Et Wonder Woman ? Tynion IV l'a investie d'un pouvoir magique jusqu'ici inconnu, y compris d'elle-même, et bigrement providentiel. Ce crossover appuie sur cet élément en essayant de le légitimer via la déesse Hécate qui aurait ainsi marqué plusieurs personnes afin de les réactiver le moment venu - et nous y sommes puisque Nabu a décidé de détruire la magie.

Le coût du pouvoir, des "agents dormants" magiques, une déesse préservatrice, un sorcier fou, tout ça n'est pas très original. Mais reconnaissons que c'est emballé avec efficacité. Plus long qu'à l'accoutumée avec presque cinquante pages, ce prologue mêle provisoirement la Justice League (vite hors-jeu) à l'affaire et décime promptement une assemblée de mages féminines. Ce coup de balai est radical, comme si DC avait voulu se débarrasser d'un paquet de personnages, mais ne sert guère l'image Hécate qui, entre marquer ses agents et tuer des alliées potentielles, a a une drôle de manière de s'y prendre pour paraître sympa (encore que ça n'a pas l'air d'être sa préoccupation première) et stratège dans le combat qui l'attend (à moins que le récit prépare le retour au premier plan d'autres personnages magiques - du Phantom Stranger au Spectre en passant par Blue Devil et le vrai Dr. Fate, il y a de quoi faire).

Jesus Merino, encore aujourd'hui, reste surtout connu pour avoir été longtemps l'encreur privilégié de Carlos Pacheco, alors même que les deux hommes, fâchés, ne travaillent plus ensemble depuis des années et que Merino est devenu dessinateur à temps plein. On peut d'abord vérifier que la rondeur du trait qu'on lui prêtait quand il embellissait les planches de Pacheco n'est pas la sienne : son style est un peu plus anguleux mais s'inscrit dans le même réalisme classique et élégant que son compatriote espagnol.

Merino réalise de belles pages, aux décors fournis et détaillés, avec des personnages qui ne manque pas d'allure ni de personnalité.

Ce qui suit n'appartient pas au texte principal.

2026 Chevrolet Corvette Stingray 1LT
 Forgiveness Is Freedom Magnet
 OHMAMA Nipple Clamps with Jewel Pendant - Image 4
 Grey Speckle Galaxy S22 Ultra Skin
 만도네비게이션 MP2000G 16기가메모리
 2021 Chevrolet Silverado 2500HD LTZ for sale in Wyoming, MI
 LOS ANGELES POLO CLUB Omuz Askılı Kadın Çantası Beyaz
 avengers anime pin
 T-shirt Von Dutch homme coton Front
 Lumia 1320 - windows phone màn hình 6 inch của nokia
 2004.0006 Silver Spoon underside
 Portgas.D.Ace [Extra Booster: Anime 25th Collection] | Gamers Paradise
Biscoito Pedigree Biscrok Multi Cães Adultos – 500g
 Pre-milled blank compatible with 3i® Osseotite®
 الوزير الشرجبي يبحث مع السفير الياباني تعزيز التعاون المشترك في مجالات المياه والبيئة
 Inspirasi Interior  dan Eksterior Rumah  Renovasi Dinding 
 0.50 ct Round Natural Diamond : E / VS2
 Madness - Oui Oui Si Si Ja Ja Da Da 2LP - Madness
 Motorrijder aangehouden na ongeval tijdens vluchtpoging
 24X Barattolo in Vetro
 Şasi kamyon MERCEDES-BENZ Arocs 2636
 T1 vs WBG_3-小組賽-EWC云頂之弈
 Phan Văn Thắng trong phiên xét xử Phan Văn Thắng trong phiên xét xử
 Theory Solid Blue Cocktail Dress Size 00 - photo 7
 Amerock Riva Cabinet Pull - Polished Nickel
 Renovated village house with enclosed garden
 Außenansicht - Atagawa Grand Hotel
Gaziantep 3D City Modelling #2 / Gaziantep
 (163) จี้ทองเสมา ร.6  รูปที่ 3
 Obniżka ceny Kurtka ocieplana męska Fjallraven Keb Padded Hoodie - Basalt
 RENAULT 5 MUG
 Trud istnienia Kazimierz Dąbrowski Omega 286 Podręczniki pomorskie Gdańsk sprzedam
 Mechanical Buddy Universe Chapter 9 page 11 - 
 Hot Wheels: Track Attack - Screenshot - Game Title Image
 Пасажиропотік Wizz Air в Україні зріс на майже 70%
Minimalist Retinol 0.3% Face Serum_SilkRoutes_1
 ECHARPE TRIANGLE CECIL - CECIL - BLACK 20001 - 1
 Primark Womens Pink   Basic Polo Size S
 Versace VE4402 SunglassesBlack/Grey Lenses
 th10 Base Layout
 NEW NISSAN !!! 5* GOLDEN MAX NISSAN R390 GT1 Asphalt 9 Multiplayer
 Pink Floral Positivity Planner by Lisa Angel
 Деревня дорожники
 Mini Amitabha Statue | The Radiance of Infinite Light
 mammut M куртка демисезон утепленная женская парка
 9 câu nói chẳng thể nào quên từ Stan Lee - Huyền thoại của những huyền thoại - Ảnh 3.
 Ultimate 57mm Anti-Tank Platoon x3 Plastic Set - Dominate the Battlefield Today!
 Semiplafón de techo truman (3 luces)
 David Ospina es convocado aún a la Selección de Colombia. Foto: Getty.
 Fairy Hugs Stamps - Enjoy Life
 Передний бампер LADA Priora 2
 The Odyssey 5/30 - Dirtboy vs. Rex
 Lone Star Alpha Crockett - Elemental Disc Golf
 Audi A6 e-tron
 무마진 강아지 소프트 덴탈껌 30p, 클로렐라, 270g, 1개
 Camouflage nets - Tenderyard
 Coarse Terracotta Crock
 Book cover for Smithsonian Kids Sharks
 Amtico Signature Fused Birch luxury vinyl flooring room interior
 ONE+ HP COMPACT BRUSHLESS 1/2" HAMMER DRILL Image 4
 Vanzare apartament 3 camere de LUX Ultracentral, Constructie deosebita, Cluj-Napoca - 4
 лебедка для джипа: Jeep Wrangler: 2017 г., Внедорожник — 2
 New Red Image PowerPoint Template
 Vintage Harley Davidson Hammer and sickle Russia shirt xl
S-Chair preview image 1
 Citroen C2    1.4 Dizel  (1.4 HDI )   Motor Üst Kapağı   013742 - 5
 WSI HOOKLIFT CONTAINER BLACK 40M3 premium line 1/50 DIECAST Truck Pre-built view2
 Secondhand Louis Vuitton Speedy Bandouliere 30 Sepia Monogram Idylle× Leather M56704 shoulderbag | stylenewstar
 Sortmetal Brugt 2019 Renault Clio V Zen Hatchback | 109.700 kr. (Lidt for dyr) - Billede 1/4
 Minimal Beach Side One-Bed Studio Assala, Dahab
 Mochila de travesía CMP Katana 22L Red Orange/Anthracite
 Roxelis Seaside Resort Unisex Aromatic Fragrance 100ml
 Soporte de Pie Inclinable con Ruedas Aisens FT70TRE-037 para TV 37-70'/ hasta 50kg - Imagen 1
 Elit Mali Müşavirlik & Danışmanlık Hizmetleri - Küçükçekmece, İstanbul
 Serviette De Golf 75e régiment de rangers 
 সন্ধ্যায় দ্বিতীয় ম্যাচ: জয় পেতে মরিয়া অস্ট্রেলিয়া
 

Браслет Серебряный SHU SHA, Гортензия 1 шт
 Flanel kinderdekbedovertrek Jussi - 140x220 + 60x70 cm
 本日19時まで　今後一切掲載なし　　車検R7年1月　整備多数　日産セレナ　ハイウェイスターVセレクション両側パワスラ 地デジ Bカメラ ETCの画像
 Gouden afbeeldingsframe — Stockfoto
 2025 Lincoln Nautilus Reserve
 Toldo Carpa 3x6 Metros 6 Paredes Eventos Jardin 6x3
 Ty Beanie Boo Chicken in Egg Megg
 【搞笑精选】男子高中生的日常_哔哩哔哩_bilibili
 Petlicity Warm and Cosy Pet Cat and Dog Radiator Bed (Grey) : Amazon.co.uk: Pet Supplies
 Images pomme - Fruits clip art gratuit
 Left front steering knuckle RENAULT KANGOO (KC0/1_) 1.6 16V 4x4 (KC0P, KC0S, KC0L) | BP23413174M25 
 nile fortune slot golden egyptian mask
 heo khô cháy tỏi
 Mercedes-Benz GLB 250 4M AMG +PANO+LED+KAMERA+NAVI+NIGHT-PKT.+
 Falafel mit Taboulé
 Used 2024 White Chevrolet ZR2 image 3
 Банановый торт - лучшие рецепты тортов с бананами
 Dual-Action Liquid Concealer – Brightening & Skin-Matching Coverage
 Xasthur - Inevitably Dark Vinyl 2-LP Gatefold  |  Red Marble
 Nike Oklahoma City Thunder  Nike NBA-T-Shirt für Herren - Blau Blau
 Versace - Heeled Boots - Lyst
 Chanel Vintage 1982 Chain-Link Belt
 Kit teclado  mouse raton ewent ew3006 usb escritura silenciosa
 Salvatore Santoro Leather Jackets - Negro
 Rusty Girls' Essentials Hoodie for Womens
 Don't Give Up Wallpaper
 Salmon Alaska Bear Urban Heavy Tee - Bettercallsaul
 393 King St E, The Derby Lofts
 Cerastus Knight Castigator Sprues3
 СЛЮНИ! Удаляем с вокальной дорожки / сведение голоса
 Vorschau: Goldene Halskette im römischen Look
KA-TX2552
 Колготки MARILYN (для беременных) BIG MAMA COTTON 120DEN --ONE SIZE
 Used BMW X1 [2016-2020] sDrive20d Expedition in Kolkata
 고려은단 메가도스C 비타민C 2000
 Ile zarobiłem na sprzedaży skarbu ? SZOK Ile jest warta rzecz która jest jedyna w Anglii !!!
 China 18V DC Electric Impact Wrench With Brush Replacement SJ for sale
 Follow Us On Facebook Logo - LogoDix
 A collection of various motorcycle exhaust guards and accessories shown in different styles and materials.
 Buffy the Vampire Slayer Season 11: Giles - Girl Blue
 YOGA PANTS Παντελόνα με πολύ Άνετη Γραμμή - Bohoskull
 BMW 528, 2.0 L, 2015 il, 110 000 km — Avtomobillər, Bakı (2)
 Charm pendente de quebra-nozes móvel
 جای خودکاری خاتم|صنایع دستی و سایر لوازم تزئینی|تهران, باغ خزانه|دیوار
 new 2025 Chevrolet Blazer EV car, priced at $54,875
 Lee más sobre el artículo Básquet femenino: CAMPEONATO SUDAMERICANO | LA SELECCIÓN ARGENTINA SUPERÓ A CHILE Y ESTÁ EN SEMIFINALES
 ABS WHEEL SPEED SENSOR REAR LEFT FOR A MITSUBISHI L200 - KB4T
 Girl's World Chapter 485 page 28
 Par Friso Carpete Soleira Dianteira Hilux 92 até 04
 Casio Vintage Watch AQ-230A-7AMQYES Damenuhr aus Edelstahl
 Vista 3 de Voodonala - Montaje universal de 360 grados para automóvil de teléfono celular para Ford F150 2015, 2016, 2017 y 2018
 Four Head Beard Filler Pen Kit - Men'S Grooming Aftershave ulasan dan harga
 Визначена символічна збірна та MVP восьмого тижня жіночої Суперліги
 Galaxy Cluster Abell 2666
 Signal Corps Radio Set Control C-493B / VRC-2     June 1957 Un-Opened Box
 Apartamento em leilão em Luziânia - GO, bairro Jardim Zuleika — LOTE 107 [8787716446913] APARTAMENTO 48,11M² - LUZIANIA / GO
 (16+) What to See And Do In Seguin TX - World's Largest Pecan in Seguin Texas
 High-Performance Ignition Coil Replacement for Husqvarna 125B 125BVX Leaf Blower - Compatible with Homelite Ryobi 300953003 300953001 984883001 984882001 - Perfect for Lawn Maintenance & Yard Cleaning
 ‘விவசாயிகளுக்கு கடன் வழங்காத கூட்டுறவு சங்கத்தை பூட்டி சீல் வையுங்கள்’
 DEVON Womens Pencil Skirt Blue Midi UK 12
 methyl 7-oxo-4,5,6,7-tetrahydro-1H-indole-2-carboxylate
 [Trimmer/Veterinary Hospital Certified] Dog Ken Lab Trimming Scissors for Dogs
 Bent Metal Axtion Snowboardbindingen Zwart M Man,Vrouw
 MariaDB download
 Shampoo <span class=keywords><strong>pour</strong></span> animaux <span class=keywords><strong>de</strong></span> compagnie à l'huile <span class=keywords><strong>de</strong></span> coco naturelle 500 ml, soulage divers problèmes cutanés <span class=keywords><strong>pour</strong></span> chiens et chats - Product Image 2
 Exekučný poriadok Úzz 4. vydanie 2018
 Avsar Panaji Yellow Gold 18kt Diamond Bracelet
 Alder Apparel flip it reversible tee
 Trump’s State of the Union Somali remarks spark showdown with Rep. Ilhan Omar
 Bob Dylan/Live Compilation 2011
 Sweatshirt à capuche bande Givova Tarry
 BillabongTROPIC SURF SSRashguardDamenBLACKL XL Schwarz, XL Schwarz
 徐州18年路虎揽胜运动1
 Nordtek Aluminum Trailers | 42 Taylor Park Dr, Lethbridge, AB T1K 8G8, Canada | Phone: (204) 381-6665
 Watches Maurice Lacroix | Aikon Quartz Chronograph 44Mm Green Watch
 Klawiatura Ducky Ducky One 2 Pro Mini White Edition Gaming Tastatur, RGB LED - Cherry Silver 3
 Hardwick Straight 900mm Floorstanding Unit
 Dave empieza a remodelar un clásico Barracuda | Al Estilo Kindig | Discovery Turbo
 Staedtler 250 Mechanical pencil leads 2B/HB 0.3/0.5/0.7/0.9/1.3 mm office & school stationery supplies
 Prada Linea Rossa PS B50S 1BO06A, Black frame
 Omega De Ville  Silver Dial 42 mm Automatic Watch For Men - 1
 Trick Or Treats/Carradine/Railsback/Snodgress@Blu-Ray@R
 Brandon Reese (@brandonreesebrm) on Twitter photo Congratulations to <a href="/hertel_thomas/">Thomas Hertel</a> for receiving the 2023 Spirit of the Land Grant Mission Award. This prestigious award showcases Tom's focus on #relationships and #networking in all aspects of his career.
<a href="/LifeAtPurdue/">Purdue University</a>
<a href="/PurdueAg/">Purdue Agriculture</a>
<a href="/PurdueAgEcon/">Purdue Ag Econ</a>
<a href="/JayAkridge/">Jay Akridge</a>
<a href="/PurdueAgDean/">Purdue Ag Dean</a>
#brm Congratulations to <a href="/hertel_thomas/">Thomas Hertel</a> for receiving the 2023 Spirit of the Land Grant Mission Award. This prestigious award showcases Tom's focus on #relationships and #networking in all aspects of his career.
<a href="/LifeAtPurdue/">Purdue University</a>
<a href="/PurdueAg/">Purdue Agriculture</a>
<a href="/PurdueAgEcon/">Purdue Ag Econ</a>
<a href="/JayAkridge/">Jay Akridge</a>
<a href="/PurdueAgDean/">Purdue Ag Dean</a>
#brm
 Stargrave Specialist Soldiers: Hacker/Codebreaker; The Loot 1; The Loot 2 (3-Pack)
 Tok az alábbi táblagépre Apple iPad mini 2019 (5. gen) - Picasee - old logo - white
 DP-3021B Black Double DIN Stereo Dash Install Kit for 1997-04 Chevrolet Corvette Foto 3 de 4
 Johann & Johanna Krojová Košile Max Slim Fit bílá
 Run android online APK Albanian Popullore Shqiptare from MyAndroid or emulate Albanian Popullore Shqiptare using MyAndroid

Le casting assez nombreux prouve qu'il maîtrise tous les personnages, quel que soit leur sexe, mais sans faire des hommes des culturistes ou des femmes des bimbos.

Assumant toujours l'encrage (après avoir avoir un temps collaboré avec un autre partenaire sur ce poste), il se laisse parfois aller à des fioritures, alors que la colorisation suffirait à souligner les effets de volume ou de texture qu'il souligne. Mais l'ensemble a du chien, c'est très abouti, très solide.

Le comble, c'est que, hormis la puissance significative et le côté vicieux d'Hécate, ce prologue ne permet pas de savoir vraiment quelle direction va emprunter cette histoire. Souhaitons que cela progresse dès ce Mercredi dans Wonder Woman #56 (dessiné par Emanuela Lupacchino).